One big problem. They can't find them.

"We are hunting after people," Rio spokesman Mario Andrada told The Associated Press on Wednesday. "We have the money, but don't know how to get it to them."

Rio organizers allowed buyers to return tickets, which were resold.

"Instead of selling them to scalpers, they gave the tickets back to us, and we resold them," Andrada said.

Andrada said 140,000 people returned Olympic and Paralympic tickets for resale, a value of 80 million Brazilian reals ($23.5 million).

About 90 percent have been reimbursed. But incorrect bank details and faulty credit card numbers are hampering the remaining refunds that total about 9 million reals ($2.7 million).
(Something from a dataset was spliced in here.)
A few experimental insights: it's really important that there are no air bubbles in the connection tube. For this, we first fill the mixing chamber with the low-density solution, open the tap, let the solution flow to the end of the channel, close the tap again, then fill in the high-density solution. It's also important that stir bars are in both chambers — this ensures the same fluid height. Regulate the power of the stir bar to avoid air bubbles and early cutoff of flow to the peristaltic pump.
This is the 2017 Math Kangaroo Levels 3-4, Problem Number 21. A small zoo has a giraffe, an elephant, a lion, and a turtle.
Andrada said Brazilians represented 99.9 percent of the unpaid money. He said organizers have tried to contact people through social media and newspaper advertisements. He said an organizing committee website is also open to handle refunds.
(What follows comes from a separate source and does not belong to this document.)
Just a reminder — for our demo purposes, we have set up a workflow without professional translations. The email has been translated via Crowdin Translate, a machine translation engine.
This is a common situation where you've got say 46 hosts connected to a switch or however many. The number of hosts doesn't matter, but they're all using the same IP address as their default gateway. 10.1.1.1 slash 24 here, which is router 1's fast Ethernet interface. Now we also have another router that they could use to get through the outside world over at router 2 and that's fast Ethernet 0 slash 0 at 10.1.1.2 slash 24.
Ticket problems plagued the Rio Games. Organizers apparently failed to sell enough tickets, leaving many empty seats at the venues and giving the games and organizers a black eye.

The Rio organizing committee will officially dissolve in August 2017, leaving behind only a lawyer's office to handle outstanding claims.

Though Rio organizers have money to pay the ticket refunds, Andrada acknowledged about 700 creditors are still awaiting payments more than three months after the Olympics ended.

He declined to say exactly how much was owed.

He said the cash-strapped organizing committee, which needed a government bailout to pull off the Paralympics, was fighting a cash-flow problem and was still owed money by the International Olympic Committee.

"We will pay everybody, there is no question about it," Andrada said. "But we're not there yet."

He said organizers needed to make about 20,000 payments to creditors, and are now down to 700.

"It's a long process," he said. "We have gone from 5,000 employees to 300, and in the meantime we have this work."